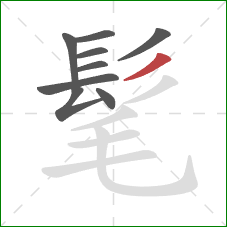 髦的笔顺第9画：撇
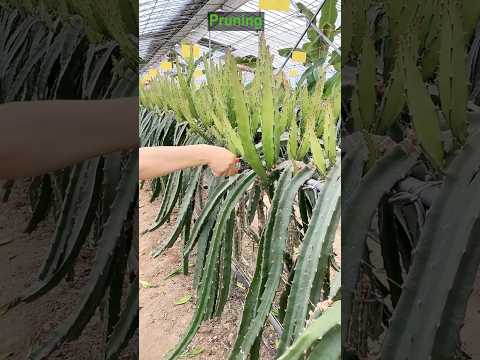 Dragon Fruit Farming Step by Step #farming @HappyFarm85
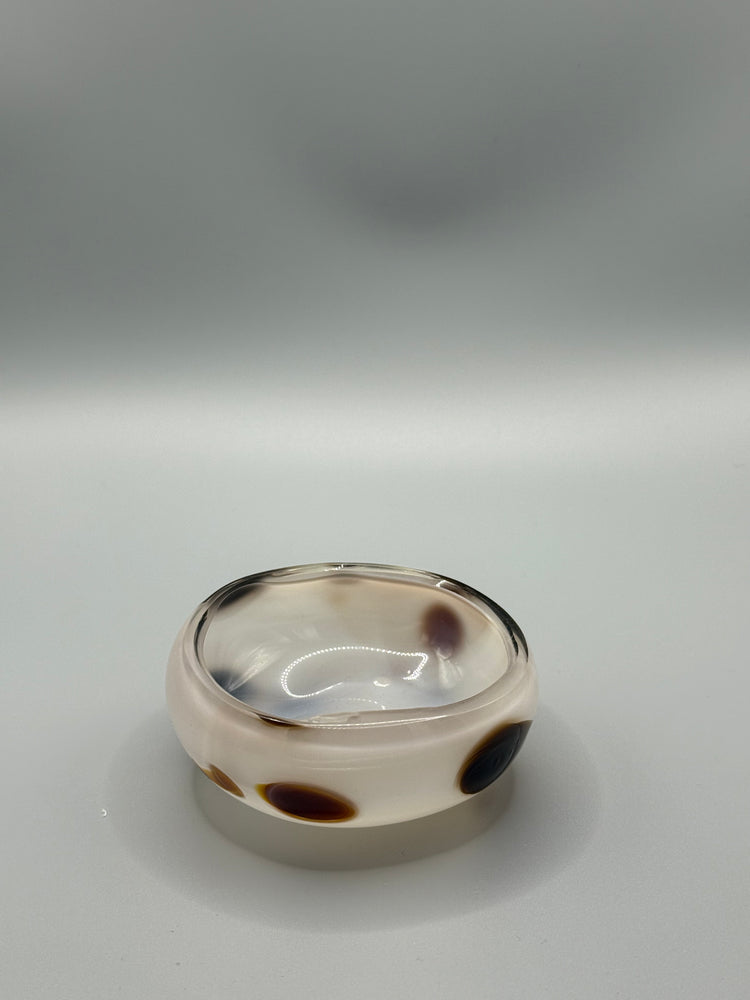 Bargain Bay Appaloosa Mezcal Mustang Coupe 2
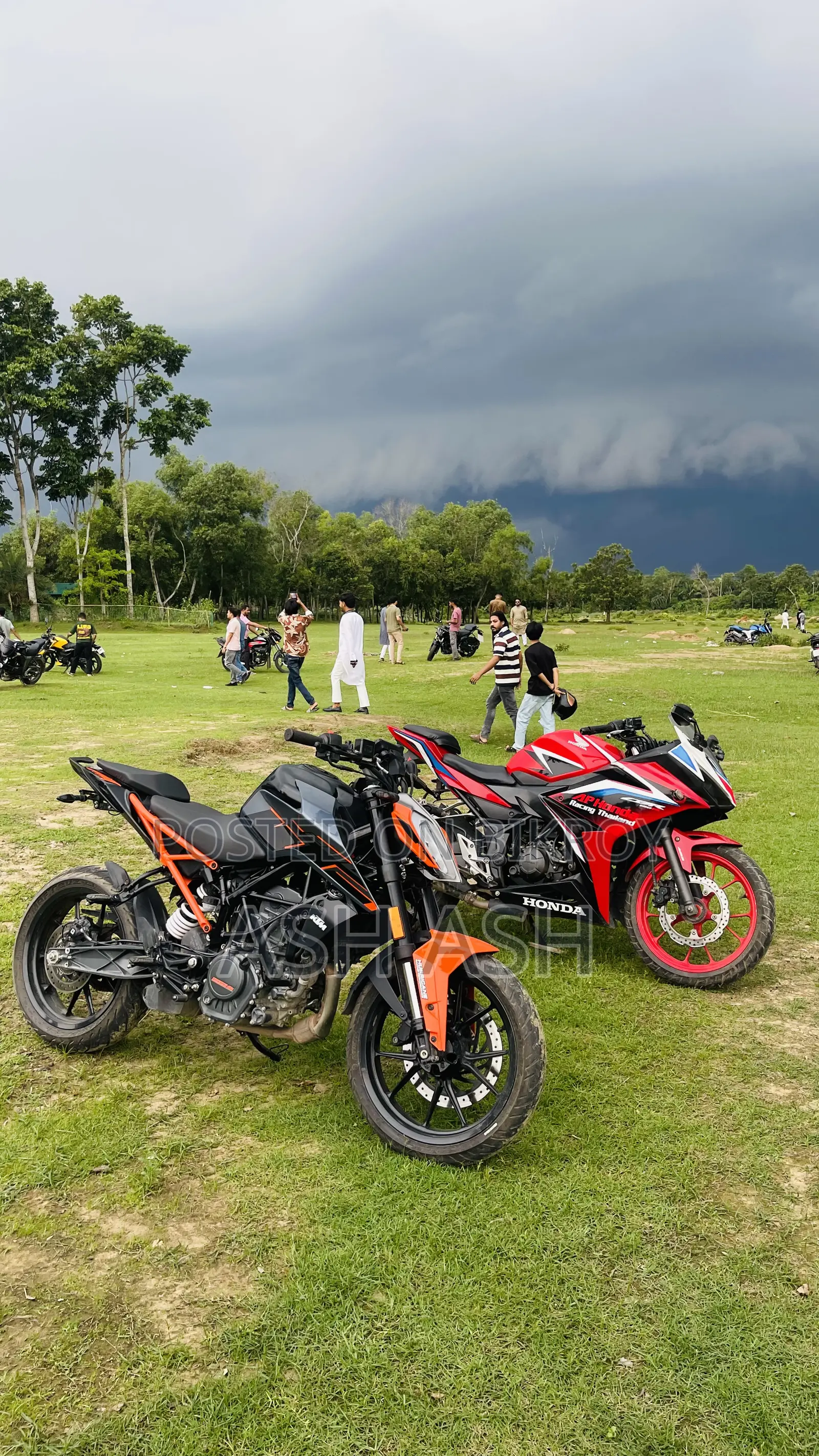 Honda CBR 2019 Red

#### What you should do
After removing the pictures, transcribe the listing above exactly.

#### Output for this task
 髦的笔顺第9画：撇
 Dragon Fruit Farming Step by Step #farming @HappyFarm85
 Bargain Bay Appaloosa Mezcal Mustang Coupe 2
 Honda CBR 2019 Red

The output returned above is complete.